[OLPC Security] Strange concerns, but still...
Christopher Paulicka
christopher at idealab.com
Wed Feb 7 20:43:17 EST 2007
SUMMARY: 8.19 + 8.21 + 9.1 + 9.4= MASSIVE THEFT?
Adding them up, I do see a highly unlikely scenario. However, when figuring
probability, you must also measure profitability. Millions of dollars
worth of
hardware are going to be entrusted to children, some of the primary
victims of
the world.
1) Encourage developer key acquisition
2) Find out which computers have developer keys on them
3) Steal computers
Here are the various sections that triggered these thoughts, and my
comments.
8.19 P_THEFT: anti-theft protection
If the machine is used as a personal machine, and the child has asked for a
developer key, the thief could reflash the BIOS with a non-anti-theft
daemon.
The question becomes, then, how difficult will it be to know who has
this key?
8.21 (For later implementation) P_PASSWORD: password protection
Storing information solely in plain text seems dangerous, especially since
there is already consideration of a sophisticated child-user who may acquire
a developer key.
9.1 Damaging the machine
The child with developer key is mentioned again.
How difficult will it be to get a developer key?
Won't most children store this key on their machine?
Won't this key be stored in plain text?
9.4 Doing bad things to other people
I found this section strange.
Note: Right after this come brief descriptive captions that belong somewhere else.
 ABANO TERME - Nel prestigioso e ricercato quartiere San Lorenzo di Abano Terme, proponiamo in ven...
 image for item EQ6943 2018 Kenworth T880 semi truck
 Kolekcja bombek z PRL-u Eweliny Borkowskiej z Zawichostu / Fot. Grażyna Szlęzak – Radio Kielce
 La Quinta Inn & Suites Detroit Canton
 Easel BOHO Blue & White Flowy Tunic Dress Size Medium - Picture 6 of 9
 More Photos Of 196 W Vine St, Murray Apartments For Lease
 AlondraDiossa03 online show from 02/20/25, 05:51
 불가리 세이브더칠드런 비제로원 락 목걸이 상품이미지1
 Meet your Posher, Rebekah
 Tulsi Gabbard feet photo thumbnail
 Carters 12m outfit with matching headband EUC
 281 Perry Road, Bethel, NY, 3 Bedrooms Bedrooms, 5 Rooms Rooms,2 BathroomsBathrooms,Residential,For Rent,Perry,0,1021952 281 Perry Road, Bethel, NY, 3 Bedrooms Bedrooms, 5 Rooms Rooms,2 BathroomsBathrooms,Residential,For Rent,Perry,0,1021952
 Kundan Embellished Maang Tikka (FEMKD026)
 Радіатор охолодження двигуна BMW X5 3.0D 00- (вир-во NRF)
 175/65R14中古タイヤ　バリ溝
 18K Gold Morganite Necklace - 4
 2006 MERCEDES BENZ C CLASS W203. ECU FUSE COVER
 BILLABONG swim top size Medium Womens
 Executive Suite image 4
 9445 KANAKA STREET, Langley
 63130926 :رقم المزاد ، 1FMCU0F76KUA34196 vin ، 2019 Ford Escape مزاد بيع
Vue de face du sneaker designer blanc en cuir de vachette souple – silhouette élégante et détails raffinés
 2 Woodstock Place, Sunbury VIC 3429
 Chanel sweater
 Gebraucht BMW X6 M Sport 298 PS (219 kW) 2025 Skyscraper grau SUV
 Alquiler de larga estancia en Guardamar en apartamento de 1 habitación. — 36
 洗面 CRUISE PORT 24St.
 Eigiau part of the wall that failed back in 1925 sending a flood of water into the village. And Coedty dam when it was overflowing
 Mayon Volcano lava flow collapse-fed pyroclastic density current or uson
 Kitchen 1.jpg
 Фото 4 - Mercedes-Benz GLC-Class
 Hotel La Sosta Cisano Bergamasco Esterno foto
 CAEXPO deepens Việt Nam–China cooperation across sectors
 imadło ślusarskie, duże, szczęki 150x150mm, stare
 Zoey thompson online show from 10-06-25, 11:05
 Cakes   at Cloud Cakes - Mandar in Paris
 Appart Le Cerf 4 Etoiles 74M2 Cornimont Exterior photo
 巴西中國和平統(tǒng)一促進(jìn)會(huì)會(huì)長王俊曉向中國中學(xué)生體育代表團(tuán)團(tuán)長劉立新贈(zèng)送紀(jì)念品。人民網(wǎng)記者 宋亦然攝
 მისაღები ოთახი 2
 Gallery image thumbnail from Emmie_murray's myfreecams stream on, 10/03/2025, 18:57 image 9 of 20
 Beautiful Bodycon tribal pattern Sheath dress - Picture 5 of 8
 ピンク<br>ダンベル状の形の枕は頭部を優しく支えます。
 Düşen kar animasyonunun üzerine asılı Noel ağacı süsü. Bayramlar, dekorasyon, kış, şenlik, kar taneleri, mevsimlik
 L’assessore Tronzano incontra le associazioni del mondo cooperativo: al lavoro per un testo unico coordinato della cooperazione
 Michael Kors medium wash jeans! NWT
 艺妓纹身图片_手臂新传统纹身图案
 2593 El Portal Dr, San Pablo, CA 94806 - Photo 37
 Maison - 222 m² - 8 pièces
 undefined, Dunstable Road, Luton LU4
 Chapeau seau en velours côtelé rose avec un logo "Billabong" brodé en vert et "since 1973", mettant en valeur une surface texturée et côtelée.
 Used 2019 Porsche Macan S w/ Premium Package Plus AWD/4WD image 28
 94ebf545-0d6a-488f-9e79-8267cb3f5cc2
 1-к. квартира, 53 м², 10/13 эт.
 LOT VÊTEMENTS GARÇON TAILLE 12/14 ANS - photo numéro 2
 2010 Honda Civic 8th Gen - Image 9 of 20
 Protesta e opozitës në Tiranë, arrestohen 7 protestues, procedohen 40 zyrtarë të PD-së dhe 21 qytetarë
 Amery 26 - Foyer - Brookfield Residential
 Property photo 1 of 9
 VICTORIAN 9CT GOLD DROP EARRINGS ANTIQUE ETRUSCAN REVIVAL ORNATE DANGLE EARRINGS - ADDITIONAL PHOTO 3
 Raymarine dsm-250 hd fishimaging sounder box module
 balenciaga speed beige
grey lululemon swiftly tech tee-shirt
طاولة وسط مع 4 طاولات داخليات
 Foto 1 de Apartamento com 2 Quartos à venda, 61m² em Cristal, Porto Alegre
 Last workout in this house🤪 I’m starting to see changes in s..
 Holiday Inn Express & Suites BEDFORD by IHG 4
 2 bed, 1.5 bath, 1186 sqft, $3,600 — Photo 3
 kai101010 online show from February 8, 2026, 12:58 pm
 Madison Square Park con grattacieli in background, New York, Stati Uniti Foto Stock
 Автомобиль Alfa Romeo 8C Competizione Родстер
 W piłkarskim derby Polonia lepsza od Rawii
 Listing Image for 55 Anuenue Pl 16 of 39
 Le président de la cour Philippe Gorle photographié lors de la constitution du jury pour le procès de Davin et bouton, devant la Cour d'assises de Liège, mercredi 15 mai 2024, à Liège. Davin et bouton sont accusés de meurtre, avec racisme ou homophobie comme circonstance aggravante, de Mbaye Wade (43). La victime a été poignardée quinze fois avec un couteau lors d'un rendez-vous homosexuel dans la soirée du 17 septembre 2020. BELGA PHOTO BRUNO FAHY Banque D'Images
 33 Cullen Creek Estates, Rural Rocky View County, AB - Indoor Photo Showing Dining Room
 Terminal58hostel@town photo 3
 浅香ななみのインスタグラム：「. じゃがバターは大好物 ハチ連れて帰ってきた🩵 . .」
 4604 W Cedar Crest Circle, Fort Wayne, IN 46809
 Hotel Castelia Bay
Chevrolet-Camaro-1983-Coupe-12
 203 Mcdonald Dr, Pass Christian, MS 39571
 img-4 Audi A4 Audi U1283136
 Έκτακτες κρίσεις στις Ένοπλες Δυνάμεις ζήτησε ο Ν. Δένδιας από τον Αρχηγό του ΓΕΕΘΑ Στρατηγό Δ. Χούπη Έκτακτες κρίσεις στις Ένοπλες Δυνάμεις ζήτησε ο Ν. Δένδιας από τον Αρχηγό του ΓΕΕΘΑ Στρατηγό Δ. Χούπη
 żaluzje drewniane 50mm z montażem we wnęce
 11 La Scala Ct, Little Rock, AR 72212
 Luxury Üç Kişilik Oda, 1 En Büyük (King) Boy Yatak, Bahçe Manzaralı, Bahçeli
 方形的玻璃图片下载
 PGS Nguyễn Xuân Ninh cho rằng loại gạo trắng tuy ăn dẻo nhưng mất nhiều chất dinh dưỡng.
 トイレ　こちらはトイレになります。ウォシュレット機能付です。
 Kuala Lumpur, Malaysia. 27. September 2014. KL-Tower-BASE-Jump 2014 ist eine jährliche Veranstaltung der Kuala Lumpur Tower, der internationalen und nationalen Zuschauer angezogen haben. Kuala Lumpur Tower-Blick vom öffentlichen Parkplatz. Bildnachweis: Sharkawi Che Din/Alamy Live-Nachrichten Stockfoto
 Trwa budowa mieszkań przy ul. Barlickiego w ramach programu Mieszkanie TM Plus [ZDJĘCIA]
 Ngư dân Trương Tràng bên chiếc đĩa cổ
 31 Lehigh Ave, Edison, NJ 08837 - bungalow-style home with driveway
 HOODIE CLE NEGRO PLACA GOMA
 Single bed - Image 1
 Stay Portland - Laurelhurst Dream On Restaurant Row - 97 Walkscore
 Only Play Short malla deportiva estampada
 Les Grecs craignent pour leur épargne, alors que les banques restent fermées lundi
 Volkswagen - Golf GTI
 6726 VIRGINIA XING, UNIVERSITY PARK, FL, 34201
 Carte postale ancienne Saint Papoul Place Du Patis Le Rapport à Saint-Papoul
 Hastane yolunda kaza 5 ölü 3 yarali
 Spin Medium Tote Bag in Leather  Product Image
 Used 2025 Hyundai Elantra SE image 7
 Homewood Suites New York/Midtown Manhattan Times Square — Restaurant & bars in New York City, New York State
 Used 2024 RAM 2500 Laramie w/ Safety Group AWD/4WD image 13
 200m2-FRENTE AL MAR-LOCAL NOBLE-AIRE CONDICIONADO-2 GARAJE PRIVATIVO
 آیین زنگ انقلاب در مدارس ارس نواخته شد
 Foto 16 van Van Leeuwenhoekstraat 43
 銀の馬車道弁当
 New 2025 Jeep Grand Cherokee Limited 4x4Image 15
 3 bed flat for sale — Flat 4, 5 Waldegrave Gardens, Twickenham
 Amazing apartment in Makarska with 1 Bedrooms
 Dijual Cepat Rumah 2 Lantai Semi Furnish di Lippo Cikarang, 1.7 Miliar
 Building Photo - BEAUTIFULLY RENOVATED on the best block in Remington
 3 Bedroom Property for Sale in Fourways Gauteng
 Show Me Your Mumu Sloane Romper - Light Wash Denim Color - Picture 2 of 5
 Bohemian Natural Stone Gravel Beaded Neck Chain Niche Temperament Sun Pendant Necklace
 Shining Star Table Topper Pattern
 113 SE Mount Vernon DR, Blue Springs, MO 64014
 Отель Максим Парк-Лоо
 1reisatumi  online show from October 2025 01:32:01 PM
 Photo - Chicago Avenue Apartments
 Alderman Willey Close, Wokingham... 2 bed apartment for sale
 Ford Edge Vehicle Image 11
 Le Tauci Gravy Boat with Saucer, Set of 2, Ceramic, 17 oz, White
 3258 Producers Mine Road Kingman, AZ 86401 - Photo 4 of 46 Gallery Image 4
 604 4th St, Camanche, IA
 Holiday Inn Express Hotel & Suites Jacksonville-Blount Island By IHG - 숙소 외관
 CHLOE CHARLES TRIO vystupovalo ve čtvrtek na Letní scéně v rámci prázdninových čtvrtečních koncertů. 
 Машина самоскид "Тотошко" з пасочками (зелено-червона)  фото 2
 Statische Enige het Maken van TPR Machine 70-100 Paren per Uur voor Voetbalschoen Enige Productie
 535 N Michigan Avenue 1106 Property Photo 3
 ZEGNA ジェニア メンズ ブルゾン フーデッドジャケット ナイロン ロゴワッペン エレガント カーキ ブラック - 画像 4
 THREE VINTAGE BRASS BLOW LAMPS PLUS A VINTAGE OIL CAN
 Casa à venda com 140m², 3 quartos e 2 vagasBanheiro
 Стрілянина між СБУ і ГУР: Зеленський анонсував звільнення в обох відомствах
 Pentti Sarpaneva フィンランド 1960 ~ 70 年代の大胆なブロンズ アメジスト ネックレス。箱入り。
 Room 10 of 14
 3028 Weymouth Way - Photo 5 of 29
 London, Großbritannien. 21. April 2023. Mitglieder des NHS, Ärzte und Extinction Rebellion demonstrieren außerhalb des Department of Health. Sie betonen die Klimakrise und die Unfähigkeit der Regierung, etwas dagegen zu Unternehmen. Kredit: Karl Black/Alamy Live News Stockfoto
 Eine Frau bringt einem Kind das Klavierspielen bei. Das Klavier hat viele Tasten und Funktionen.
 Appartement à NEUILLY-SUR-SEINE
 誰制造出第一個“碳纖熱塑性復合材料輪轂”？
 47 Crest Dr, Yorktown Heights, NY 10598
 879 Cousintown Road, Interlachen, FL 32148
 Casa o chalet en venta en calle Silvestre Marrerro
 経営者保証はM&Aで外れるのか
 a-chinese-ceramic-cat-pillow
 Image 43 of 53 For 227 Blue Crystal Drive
After some thought, I realized that was
because
it seemed less technical, more emotional, almost hopeful and naive?
Basically, while other sections addressed specific problems, and offer
at least some
level of solution, this section just hopes that it will inherently not be an
issue.
As I said, strange.
Especially since I can imagine that tens of thousands of computers is
quite an incentive for developing such worms.
Thank you for your time,
Christopher Paulicka
9.7.2 Objectionable content filtering
Irrelevant to my discusion, but OTFLOL!